What this task involves: From the line containing "O Fantasma poster" through the last line of the records below, each line is to be repeated exactly; pictures are to be omitted.

___ Input for this task ___

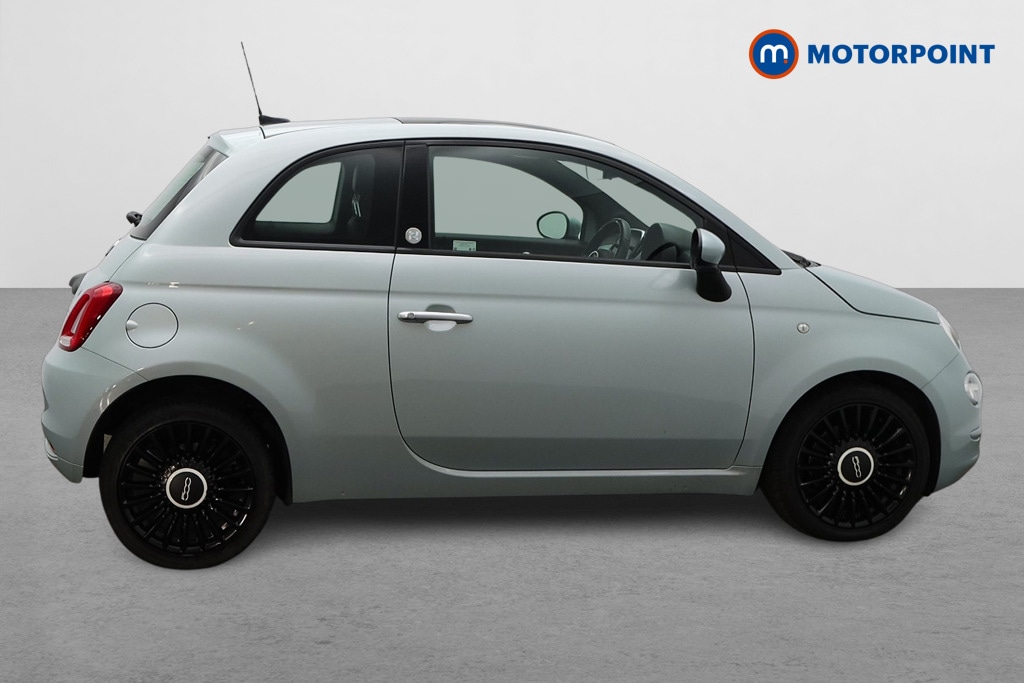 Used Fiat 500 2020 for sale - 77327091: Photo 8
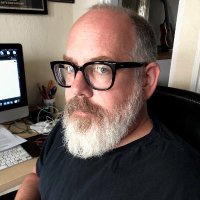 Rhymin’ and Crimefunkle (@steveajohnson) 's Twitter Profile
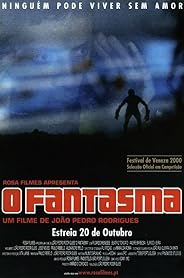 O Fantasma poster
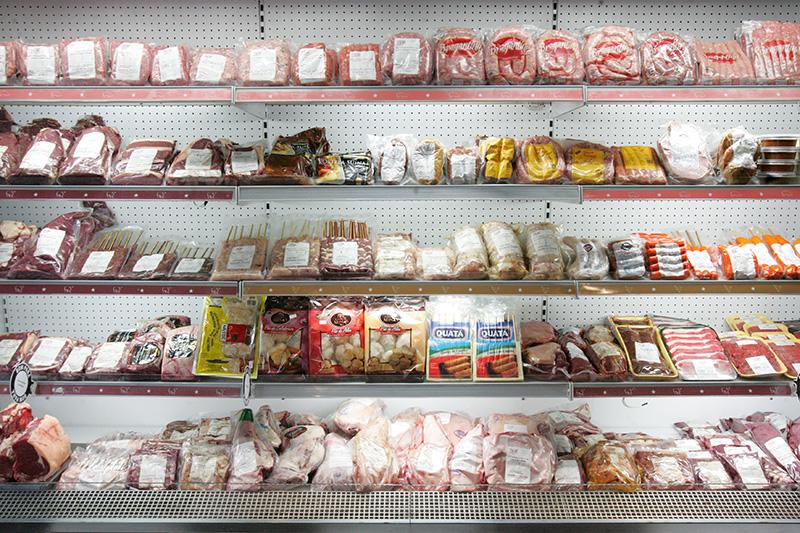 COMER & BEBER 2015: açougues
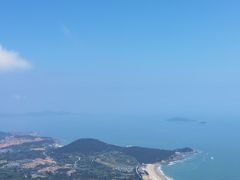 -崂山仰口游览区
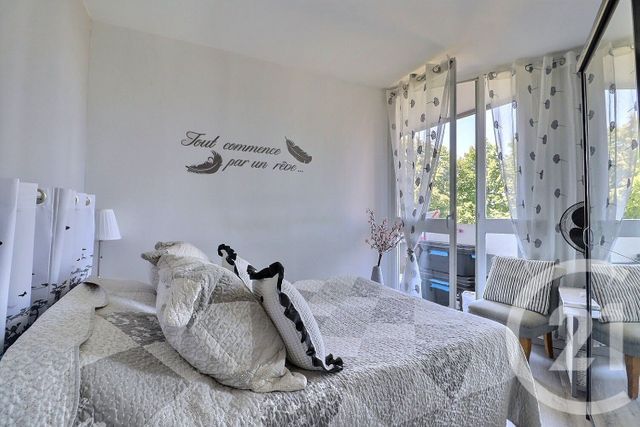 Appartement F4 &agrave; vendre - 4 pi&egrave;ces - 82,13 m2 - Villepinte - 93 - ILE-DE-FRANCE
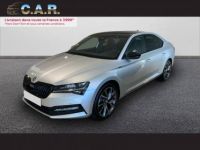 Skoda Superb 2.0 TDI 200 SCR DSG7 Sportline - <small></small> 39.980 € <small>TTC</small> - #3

___

Solution to this exercise:
 O Fantasma poster
 COMER & BEBER 2015: açougues
 -崂山仰口游览区
 Appartement F4 &agrave; vendre - 4 pi&egrave;ces - 82,13 m2 - Villepinte - 93 - ILE-DE-FRANCE
 Skoda Superb 2.0 TDI 200 SCR DSG7 Sportline - <small></small> 39.980 € <small>TTC</small> - #3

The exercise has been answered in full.